I did the same thing the other day. If you put a texting smilie face it will come up as a picture. Like this  that's a colon with a ending parenthesis.


----------



## Regina L (Jul 6, 2013)

Blessings4Mommy said:


> I did the same thing the other day. If you put a texting smilie face it will come up as a picture. Like this  that's a colon with a ending parenthesis.


Thanks Blessings


----------



## kjohnstone (Mar 30, 2013)

Hmmm, no limit to time, money, or space, and yet limited to one breed (added to existing flock?)...Well, sorry, but I need 2 breeds, I can't imagine my dream flock with only 1 of these, Chantaclers (all colors) and Cream Legbars (for blue eggs).

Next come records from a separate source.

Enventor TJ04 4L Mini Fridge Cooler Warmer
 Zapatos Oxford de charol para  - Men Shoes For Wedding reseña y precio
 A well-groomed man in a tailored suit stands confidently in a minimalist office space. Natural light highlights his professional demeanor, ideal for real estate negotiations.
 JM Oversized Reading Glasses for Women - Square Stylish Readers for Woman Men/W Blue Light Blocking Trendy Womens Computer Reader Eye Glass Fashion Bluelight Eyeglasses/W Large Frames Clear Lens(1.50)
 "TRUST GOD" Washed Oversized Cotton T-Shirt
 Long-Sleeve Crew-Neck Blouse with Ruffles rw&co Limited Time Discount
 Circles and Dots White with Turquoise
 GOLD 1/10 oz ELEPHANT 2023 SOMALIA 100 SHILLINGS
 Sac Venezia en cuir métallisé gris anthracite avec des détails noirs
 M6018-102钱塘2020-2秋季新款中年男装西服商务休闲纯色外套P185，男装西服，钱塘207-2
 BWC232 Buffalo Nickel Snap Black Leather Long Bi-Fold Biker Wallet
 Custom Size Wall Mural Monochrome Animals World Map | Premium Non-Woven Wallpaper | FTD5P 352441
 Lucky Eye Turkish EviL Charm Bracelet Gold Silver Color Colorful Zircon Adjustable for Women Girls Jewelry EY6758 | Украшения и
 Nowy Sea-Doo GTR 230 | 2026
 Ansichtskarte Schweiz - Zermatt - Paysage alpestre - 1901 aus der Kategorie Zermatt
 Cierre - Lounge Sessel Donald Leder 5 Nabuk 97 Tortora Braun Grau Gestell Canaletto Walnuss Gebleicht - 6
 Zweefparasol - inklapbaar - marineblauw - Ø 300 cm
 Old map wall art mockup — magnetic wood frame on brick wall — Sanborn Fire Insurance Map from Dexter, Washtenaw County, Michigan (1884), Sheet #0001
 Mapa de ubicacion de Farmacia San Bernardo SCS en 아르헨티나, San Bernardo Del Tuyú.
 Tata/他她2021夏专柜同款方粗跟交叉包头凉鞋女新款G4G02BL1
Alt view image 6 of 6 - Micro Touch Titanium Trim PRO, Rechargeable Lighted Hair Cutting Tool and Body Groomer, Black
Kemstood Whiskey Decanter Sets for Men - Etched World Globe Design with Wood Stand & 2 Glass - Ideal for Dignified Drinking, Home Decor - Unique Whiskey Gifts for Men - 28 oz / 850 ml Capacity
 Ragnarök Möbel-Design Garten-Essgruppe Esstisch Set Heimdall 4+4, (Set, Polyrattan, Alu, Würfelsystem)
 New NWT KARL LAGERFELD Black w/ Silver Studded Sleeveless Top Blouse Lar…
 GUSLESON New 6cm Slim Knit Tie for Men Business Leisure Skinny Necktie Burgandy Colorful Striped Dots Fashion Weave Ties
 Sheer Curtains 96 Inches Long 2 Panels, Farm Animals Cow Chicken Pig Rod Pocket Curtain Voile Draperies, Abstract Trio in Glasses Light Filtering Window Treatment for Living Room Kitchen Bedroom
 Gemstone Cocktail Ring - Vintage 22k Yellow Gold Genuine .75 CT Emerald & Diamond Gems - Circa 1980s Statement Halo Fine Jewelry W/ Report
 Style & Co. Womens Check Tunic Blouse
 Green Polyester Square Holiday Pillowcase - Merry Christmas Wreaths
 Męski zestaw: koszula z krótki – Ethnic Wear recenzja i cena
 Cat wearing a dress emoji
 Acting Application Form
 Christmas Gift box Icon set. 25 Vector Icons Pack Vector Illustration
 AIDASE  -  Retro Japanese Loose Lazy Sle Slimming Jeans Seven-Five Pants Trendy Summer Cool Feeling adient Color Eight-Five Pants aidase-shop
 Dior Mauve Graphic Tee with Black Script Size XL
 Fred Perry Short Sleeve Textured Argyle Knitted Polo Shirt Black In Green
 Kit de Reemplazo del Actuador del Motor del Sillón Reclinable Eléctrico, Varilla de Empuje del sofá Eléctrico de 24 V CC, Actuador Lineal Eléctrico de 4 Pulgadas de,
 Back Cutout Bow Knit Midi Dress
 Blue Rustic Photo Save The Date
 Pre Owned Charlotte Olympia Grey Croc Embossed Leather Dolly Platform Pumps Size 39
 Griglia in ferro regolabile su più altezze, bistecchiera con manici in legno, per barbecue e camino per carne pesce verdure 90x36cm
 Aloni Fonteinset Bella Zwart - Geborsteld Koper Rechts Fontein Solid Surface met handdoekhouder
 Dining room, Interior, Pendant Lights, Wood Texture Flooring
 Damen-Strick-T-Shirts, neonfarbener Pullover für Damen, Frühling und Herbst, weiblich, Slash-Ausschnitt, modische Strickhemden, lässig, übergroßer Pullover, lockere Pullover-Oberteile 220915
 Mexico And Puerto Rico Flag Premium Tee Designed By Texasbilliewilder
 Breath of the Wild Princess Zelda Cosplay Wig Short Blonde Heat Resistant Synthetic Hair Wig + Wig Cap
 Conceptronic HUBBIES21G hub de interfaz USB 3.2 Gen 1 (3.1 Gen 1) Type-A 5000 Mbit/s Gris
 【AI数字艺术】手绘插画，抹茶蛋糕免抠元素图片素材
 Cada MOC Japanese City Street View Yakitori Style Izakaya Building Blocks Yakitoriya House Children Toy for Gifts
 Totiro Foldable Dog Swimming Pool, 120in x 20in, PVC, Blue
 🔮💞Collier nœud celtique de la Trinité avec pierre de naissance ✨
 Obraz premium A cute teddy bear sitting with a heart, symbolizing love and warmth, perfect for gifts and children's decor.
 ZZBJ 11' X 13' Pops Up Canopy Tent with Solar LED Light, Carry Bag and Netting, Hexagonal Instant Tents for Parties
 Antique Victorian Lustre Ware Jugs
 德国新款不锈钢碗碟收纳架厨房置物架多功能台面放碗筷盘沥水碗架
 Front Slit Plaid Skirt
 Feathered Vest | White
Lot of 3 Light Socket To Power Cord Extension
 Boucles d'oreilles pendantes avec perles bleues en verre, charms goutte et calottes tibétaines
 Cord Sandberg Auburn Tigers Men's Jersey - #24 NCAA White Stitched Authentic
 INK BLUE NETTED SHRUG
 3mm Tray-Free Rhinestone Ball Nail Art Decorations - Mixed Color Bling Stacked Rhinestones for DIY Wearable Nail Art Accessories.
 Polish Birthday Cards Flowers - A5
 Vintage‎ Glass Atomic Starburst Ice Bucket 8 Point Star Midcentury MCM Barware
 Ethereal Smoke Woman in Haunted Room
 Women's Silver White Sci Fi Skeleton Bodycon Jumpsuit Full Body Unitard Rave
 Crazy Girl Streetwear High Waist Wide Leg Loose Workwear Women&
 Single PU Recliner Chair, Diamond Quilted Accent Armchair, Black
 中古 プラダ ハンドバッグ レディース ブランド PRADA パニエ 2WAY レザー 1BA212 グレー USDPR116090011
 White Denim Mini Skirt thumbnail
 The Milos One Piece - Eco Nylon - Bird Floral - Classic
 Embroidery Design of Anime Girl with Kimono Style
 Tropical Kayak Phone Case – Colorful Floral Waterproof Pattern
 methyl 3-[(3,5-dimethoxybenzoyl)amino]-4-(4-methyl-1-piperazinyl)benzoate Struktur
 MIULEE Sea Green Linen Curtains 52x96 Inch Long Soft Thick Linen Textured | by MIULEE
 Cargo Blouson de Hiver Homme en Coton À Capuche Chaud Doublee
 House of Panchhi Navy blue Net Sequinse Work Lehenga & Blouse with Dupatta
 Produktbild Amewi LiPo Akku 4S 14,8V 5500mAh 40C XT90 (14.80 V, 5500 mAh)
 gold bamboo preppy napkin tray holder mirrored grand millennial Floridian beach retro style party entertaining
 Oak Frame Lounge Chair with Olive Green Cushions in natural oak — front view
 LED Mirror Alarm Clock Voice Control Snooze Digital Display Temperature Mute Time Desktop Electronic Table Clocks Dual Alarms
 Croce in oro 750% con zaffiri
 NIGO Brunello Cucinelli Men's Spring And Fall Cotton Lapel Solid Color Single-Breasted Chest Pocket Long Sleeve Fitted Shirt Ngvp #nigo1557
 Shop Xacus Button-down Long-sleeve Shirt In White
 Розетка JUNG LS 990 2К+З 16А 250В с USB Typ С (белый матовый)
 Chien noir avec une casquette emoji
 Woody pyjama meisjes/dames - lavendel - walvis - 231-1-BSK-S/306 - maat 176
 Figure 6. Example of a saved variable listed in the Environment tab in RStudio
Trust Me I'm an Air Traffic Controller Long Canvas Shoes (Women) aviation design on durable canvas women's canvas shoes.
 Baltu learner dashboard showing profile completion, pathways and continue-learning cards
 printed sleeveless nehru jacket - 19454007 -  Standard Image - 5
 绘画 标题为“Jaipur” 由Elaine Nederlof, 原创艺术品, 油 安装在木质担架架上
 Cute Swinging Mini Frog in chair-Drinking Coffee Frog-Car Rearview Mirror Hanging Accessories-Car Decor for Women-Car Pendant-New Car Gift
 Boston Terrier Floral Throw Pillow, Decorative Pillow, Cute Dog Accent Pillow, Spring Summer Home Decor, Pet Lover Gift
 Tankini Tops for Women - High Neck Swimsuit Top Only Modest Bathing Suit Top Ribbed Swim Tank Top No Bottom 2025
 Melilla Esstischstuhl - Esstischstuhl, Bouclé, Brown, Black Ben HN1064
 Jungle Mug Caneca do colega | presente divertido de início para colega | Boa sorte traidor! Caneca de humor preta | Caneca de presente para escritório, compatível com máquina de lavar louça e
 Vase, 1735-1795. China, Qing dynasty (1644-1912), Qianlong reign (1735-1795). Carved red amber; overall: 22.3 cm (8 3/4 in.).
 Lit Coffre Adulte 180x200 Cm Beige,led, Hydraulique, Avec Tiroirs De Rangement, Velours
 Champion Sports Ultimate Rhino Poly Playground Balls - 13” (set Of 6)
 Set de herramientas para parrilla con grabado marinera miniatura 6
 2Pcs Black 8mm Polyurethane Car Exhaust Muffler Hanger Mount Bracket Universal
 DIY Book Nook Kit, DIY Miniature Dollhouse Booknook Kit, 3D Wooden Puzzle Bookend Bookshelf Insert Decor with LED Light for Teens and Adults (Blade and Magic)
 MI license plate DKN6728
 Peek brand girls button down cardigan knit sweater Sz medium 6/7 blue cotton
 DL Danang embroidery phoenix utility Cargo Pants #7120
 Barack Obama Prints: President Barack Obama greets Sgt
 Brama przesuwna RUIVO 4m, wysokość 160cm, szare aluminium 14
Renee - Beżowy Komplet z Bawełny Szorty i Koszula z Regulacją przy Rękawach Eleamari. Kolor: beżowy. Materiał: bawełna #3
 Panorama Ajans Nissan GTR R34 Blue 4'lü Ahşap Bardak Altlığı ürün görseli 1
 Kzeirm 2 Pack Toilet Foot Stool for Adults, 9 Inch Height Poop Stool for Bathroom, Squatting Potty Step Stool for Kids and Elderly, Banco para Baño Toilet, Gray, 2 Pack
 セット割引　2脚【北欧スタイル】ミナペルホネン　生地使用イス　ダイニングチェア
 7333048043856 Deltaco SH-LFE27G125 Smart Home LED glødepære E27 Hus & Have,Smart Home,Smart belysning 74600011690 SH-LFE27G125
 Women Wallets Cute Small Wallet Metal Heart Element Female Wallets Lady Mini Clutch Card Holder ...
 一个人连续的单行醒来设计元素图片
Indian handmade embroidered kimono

Of course, I have neither.


----------



## kessy09 (Jun 16, 2013)

kjohnstone said:


> Hmmm, no limit to time, money, or space, and yet limited to one breed (added to existing flock?)...Well, sorry, but I need 2 breeds, I can't imagine my dream flock with only 1 of these, Chantaclers (all colors) and Cream Legbars (for blue eggs). Of course, I have neither.


I have both of those! Lol and they are my least favorite. Weird how that happens. The Chanteclers are mean and the Cream Legbars are so bloody fast and skittish.

I would choose Sussex (any color) or Blue laced Red Wyandottes. I've struggled with my Wyandotte's attitude but things are very good now.


----------